If you have fallen into a relationship/ love the people that matter should come to know in the natural course of events and not through a social networking website. But it does handily negate the need to relive painful memories 100 times to different friends after a split."

May also likes to keep things quiet.

She says: "In my current relationship, my partner and I share a group of friends. We decided to keep quiet about our burgeoning relationship for the first few months as we didn't relish the prospect of being under the spotlight. This concealment involved some subterfuge and it wasn't long before our friends became suspicious. However, we turned deaf ears to all hints and innuendoes and managed to keep up the pretence until we actually set up home together.

"Our early period of pretence had its good and bad sides.

The bad was that I did not like being less than honest with my friends. The good being that, by the time we acknowledged our relationship, our friends had actually known about it for ages; therefore the novelty had worn off and we were spared the usual awkward moments that can arise when friends manage to put their feet in their mouths."

Personally, I think I fall somewhere between the two extremes. In the very early days, before a date has even been arranged or after one or two, I tend to share details with all and sundry as amusing anecdotes.

At this point, everything from the awkward kiss to the "why did I say that?" inappropriate comment can be repeated for amusement sake.

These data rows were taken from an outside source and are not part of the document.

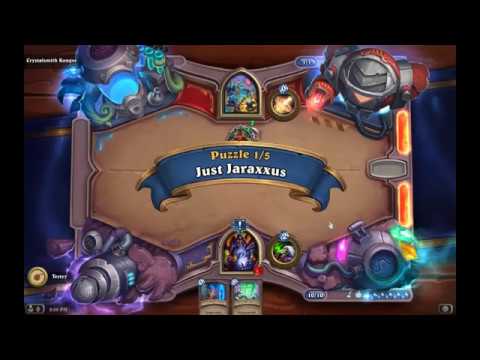 Solution Puzzle Lab Survival: Just Jaraxxus - Crystalsmith Kangor (1/5), Hearthstone Boomsday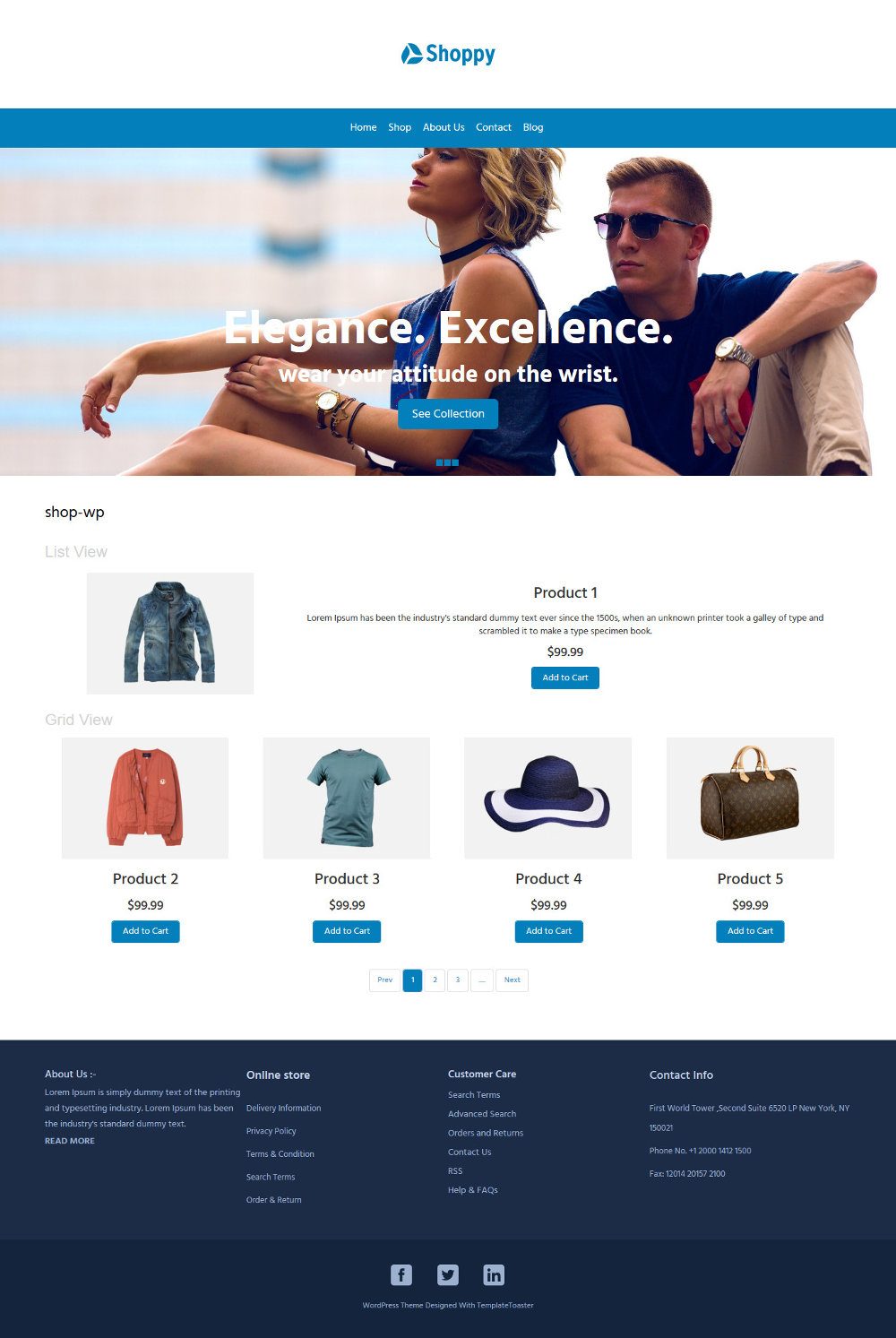 Shoppy Fashion Clothes and Accessories WooCommerce Theme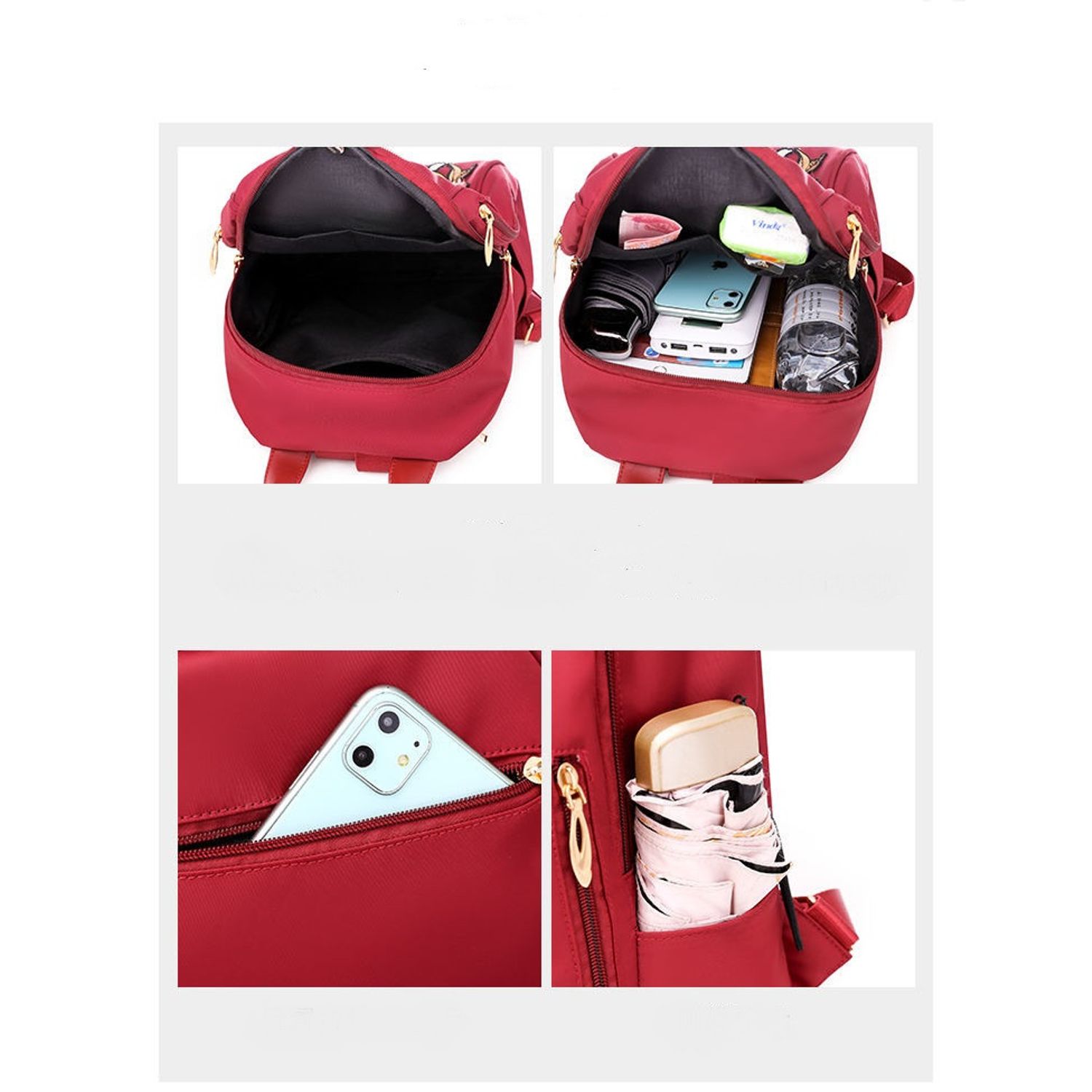 Rucsac dama, Adria GT2088, Negru fotografia produsului View 5 L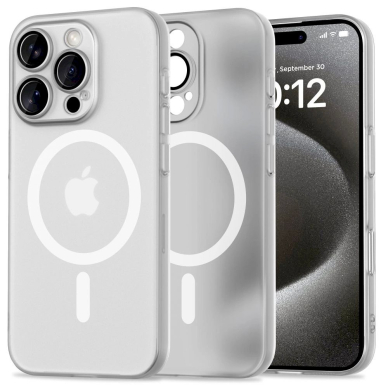 Tech-Protect MagSlim MagSafe Dėklas iPhone 16 Pro Max - Baltas Tech-Protect MagSlim MagSafe Dėklas iPhone 16 Pro Max - Baltas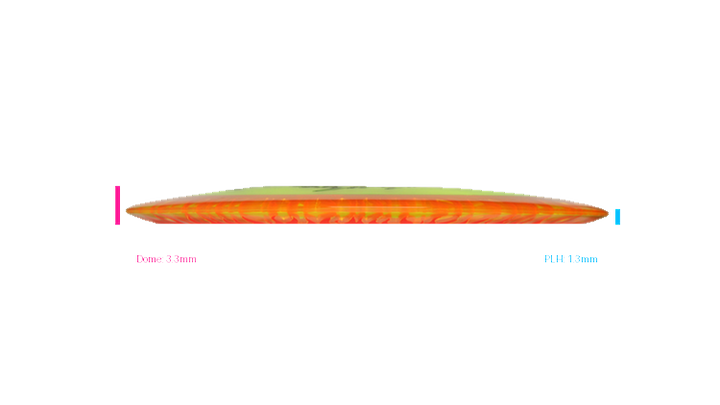 Discraft Fuzed Z Scorch Distance Driver Profile View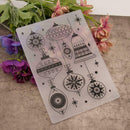 DIY Scrapbooking Plastic Embossing Template Folder Stencil for Album Card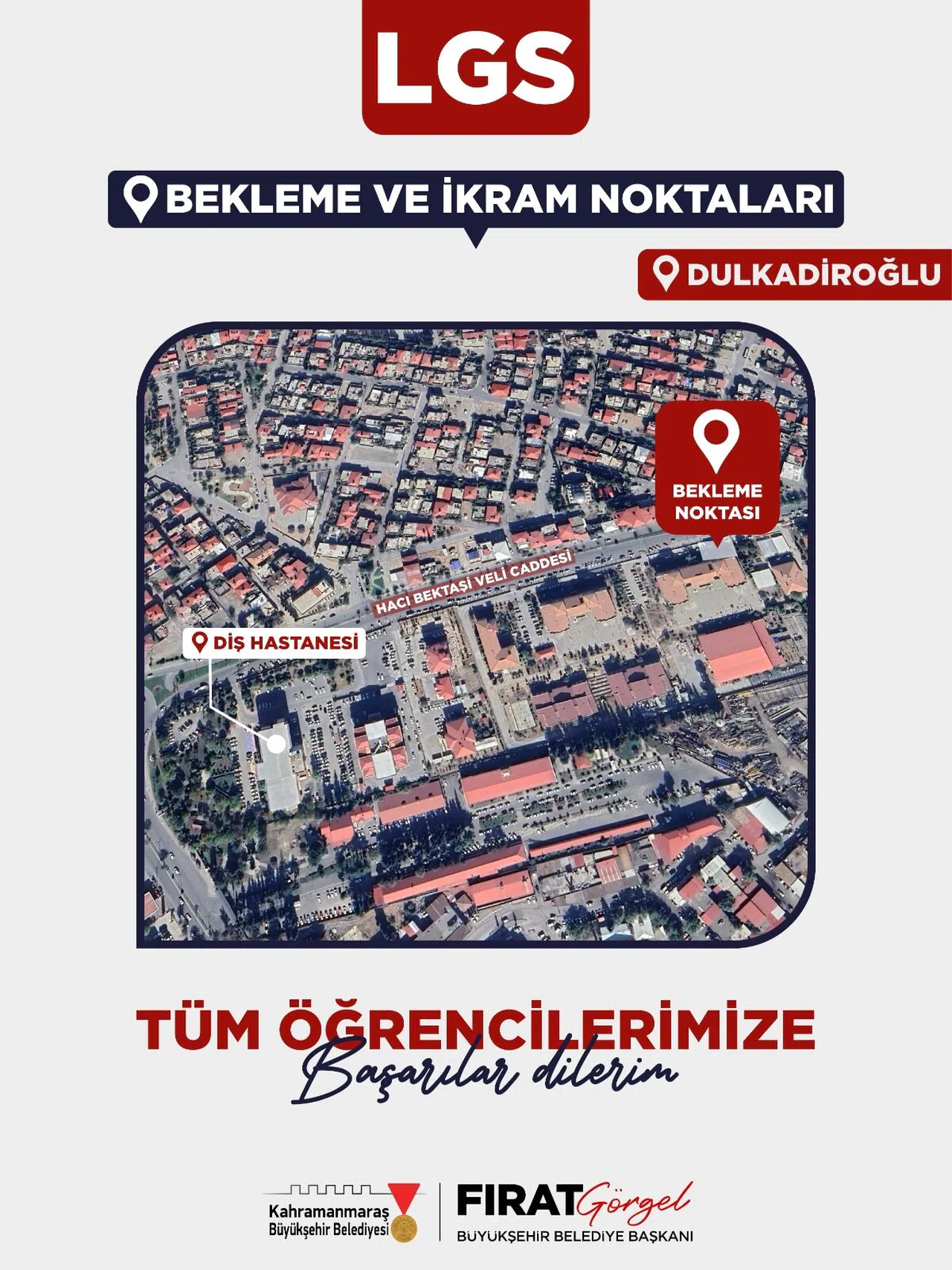 Kahramanmaraş’ta LGS Gününe Anlamlı Destek: Velilere ve Öğrencilere İkram Noktaları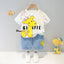 New Summer Baby Girls Clothes Suit Children Boys Fashion Cartoon T-Shirt Shorts 2Pcs/Sets Toddler Casual Costume Kids Tracksuits - Slobuy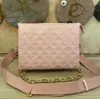 10AAA Coussin أكياس عالية الجودة مصممة نسائية محافظ أكياس الكتف Crossbody حقائب مربعة مربعة الجلود الأصلية اثنين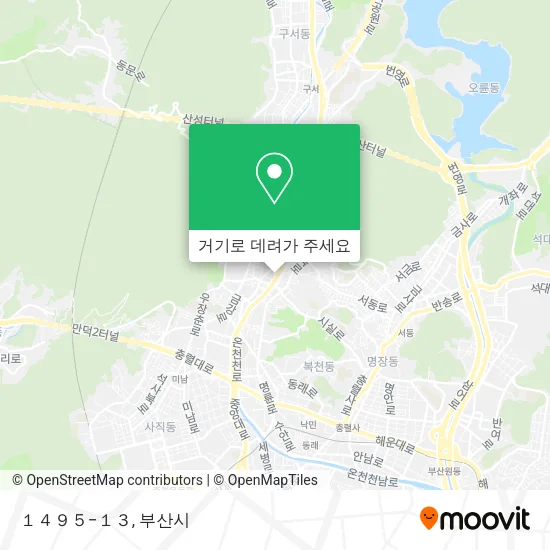 １４９５−１３ 지도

But as things get more serious, I tend to want to share less. My closest friends know pretty much everything but as I develop a relationship with a bloke it seems inappropriate to gossip wildly about him.

I guess, as Faith says, the important thing is that you and the man in question are both happy in the amount of information you're sharing. And while I think sharing every little detail is probably unwise, not to mention potentially tedious for your listeners, treating a relationship as if it was a dirty secret has got to be bad news.